Radiotherapy might be offered to you after surgery to kill any remaining cancer cells in your breast..
If you have radiotherapy, you will be given very short bursts of radiation to kill any cancer cells in the area of the affected breast.
In the UK radiotherapy has traditionally been given for 15-19 days, but trials have indicated the potential benefit from shorter periods of treatment. Some people are now being given 5 days of radiotherapy.
You can talk with your oncologist about the different options and decide which one is best for your type of lobular breast cancer.
You may be given hormone therapy, but not everyone’s cancer will respond to hormones .
Your tumour will be tested at the first biopsy and after removal to examine whether it grows using oestrogen and progesterone.
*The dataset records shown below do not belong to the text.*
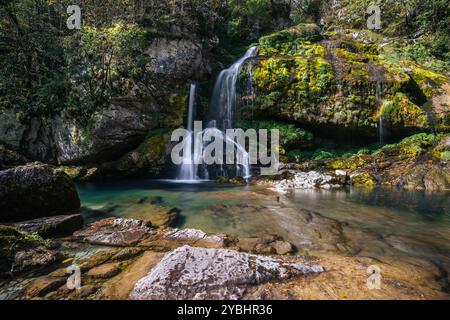 Der unglaubliche Wasserfall Virje in der wilden Natur und Schönheit des berühmten Triglav-Nationalparks in Slowenien. Stockfoto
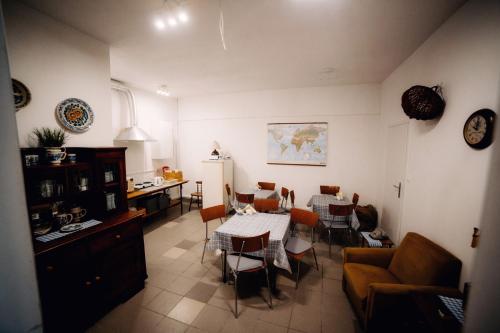 日拉尔杜夫Atmosfera的厨房以及带桌椅的起居室。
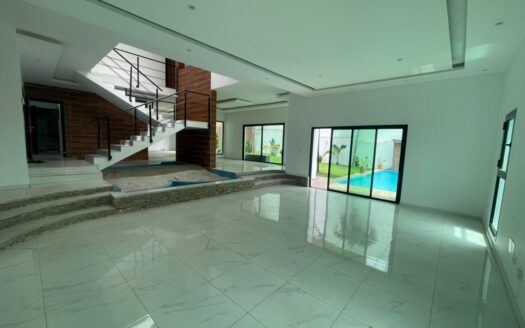 A LOUER VILLA DUPLEX DE 8 PIÈCES A la RIVERA M’BADON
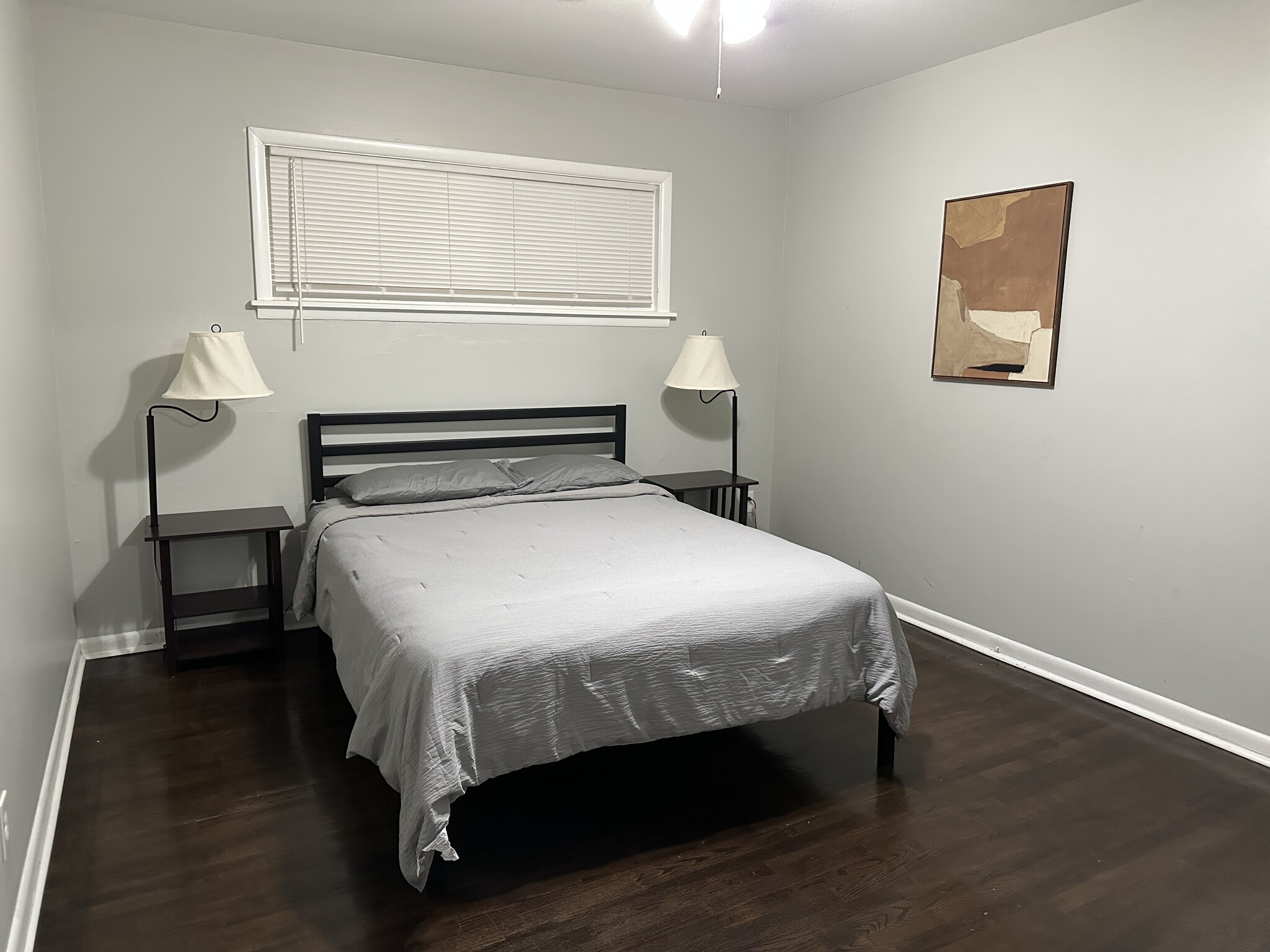 Building Photo - 505 Ward Ave NE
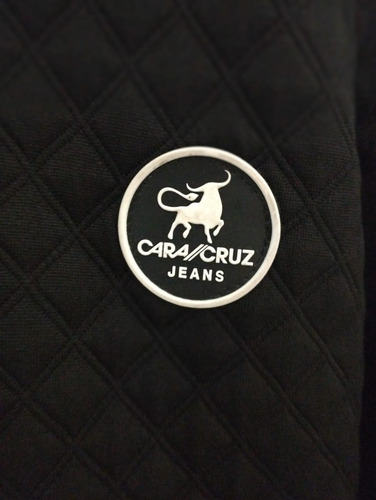 Campera Cara//cruz, Con Corderito, Negra. Talle L. (Usado)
Most lobular cancers are oestrogen positive, which means that oestrogen blockers will really help.
You may be put on hormone tablets as initial treatment, which can reduce the size of the tumour before surgery. This is called neo-adjuvant therapy. This will be decided between you and your oncologist.
Surgery will remove as much of the cancer as possible and then you will be put on hormone therapy for at least 5 years.
If you have side effects from your treatment, always remember to tell your oncologist so that they can consider alternative versions of similar drugs.
Terms you may hear include: Aromatase Inhibitors or AIs , Letrozole, Anastrozole, Zoladex.
You may be given targeted therapy to block the growth or spread of cancer by targeting specific molecules, at a cellular level. This will be decided between you and your oncologist. Herceptin is a targeted therapy and may be given to treat HER2+ tumours.
A relatively new treatment is bisphosphonates. Different types of bisphosphantes are given to protect your bones from hormone treatment and/or reduce the risk of breast cancer spreading to your bones.
You may hear this treatment being called Zometa, which is simply the name of a drug that is given. Zometa can be provided either as a daily tablet, or as a monthly or three-monthly infusion that is injected into your body.
Advanced or Secondary Treatment
There are different treatments available for secondary disease but timely diagnosis and meaningful vigilance is paramount in managing the disease. Try not to panic, many people live with metastatic cancer for years due to the advances of medical and clinical practice and the increasing array of drugs.
Treatments will depend on the sub-type of lobular cancer you have, whether that cancer has evolved during metastasis and where it has metastasised too.
Treatment plans need to reflect the specific needs of each individual’s disease. Sometimes you may need to be proactive in monitoring and ensuring you are getting meaningful follow up.